On top of the time saving, Barclays has identified direct cost savings that can be made on courier costs alone using the Wave system. “What you are solving with this is four problems: speeding up the trade transactions; reducing delay-related costs for companies; optimising the internal processes for banks; and reducing the risk of documentary fraud, which is a really relevant aspect, because that will open up more liquidity in the market,” Baghdadi adds.

A lot of innovative thinking is going into ways to make payments on the blockchain using smart contracts but in this case, the LC itself was still issued through the Swift system, and funds were released in a traditional manner. Barclays head of innovation for trade, Shona Tatchell, explains the rationale behind this decision: “There is something absolutely wrong with lots of paper travelling around the world in an inefficient manner, but there is nothing wrong with the Swift system. That’s already digital and efficient. What we’ve done is address a real problem in the trade world.

“Turning a Swift-issued letter of credit into a smart contract is nice to have, but it’s not a fundamental necessity, and the same goes for payments. Yes, eventually, payments will be taking place across the blockchain, but at the moment, [the current system] is not that inefficient. I don’t see that as a huge problem that needs solving.”

The distributed ledger was used for the transfer of value and the cryptographic signing and referencing of the documents. Tatchell insists on the fact that the documents themselves did not go into the ledger, so there is no public access to them. “They remain inside the Wave system. They are completely secure and commercially protected,” she says.

Wave was one of 11 companies to go through the Barclays Accelerator programme in New York last summer. Since then it has been working with Barclays’ trade and blockchain team in the UK and South Africa to explore the various use cases of its technology.

“If you had asked me last year how long it would take to get this concept to life, knowing how we operate in the industry, I would have said three to five years, and we got it done and tested in less than a year,” Baghdadi says.

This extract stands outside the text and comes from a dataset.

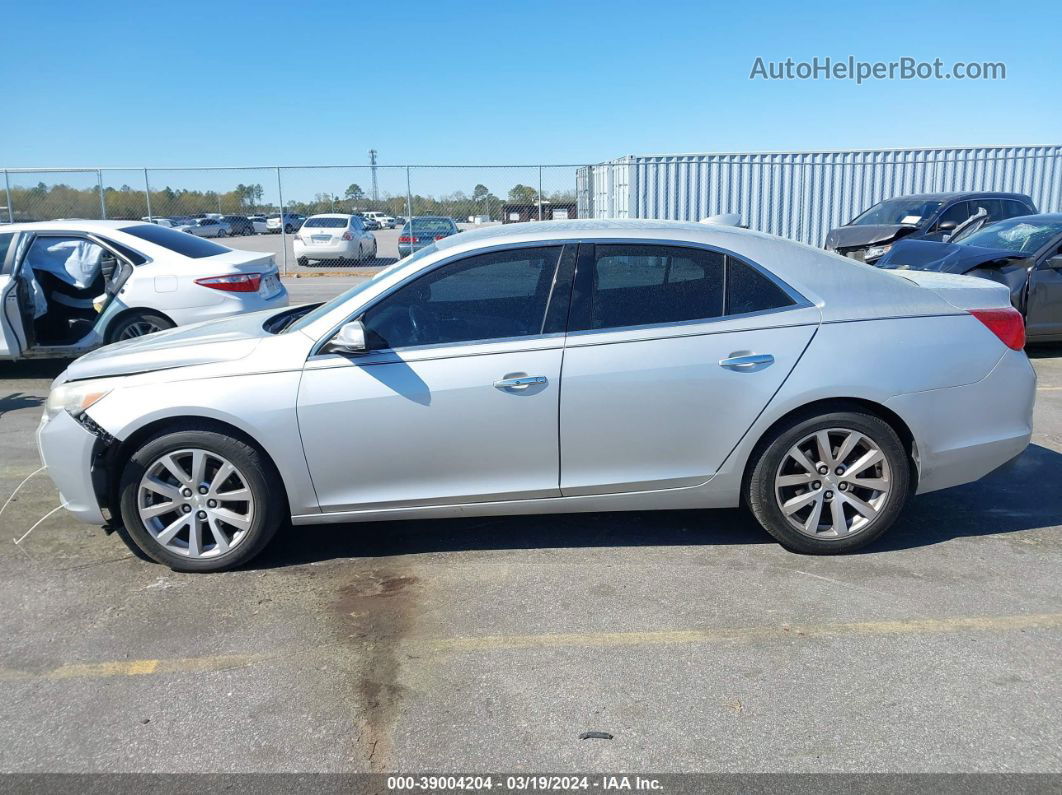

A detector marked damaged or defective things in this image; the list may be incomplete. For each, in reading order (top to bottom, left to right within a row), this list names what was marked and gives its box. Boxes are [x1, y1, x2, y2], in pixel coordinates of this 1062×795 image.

Now that it has an operational platform, Barclays will focus on on-boarding other banks and financial institutions to facilitate broader adoption. The bank received its first request to “join the party” from a large European bank today after the announcement was made, and plans to use networking opportunities at the upcoming Sibos event to continue to spread the word.

Whether banks will agree to leave their own blockchain experimentations behind to adopt a platform strongly associated with a competitor remains to be seen. So far distributed ledger innovation has oscillated between broad partnerships – such as the R3 consortium – and individual proof of concept announcements.

“Adoption could happen really quickly if we got that partnership approach instead of a competing approach,” Baghdadi points out.